Does the db evaluate this subquery only once, or multiple times?
thanks.
matti
This depends on the RDBMS.
In most of them, a HASH OUTER JOIN will be employed, in which case the subquery will be evaluated once.
MySQL, on the other hand, isn't capable of making HASH JOIN's, that's why it will most probably push the predicate into the subquery and will issue this query:
SELECT *
FROM timereports t
WHERE t.employee_id = e.id
AND date = '2009-05-04'
in a nested loop. If you have an index on timereports (employee_id, date), this will also be efficient.
If you are using SQL Server, you can take a look at the Execution Plan of the query. The SQL Server query optimizer will optimize the query so that it takes the least time in execution. Best time will be based on some conditions viz. indexing and the like.

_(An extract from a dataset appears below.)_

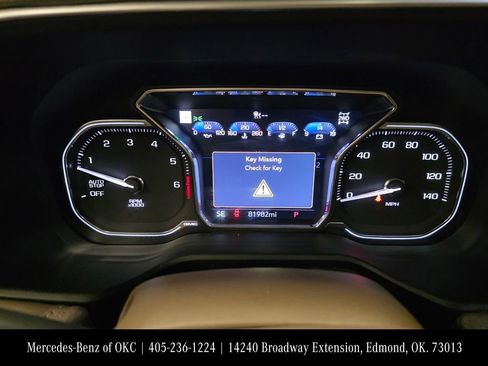 Used 2021 GMC Yukon Denali w/ Denali Premium Package image 9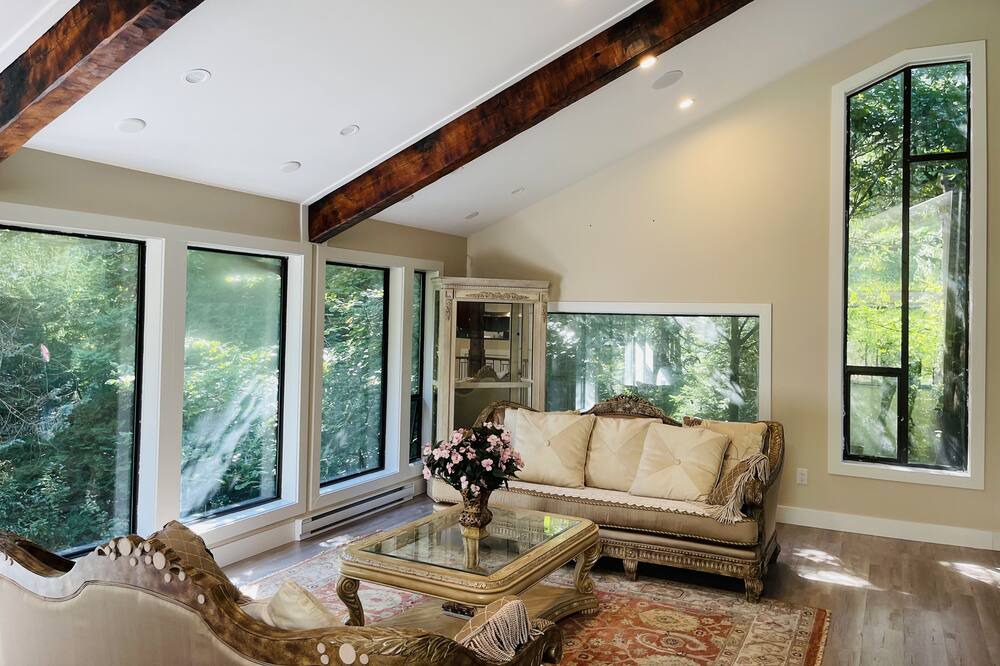 Photo of Livingroom in Langley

You have to ask the database to show the plan. The algorithm for doing this is chosen dynamically (at query time) based on many factors. Some databases use statistics of the key distribution to decide which algorithm to use. Other databases have relatively fixed rules.
Further, each database has a menu of different algorithms. The database could use a sort-merge algorithm, or nested loops. In this case, there may be a query flattening strategy.
You need to use your database's unique "Explain Plan" feature to look at the query execution plan.
You also need to know if your database uses hints (usually comments embedded in the SQL) to pick an algorithm.
You also need to know if your database uses statistics (sometimes called a "cost-based query optimizer) to pick an algorithm.
One you know all that, you'll know how your query is executed and if an inner query is evaluated multiple times or flattened into the parent query or evaluated once to create a temporary result that's used by the parent query.
What do you mean by evaluated?
The database has a couple of different options how to perform a join, the two most common ones being
Nested loops, in which case each row in one table will be looped through and the corresponding row in the other table will be looked up, and
Hash join, which means that both tables will be scanned once and the results are then merged using some hash algorithm.
Which of those two options is chosen depends on the database, the size of the table and the available indexes (and perhaps other things as well).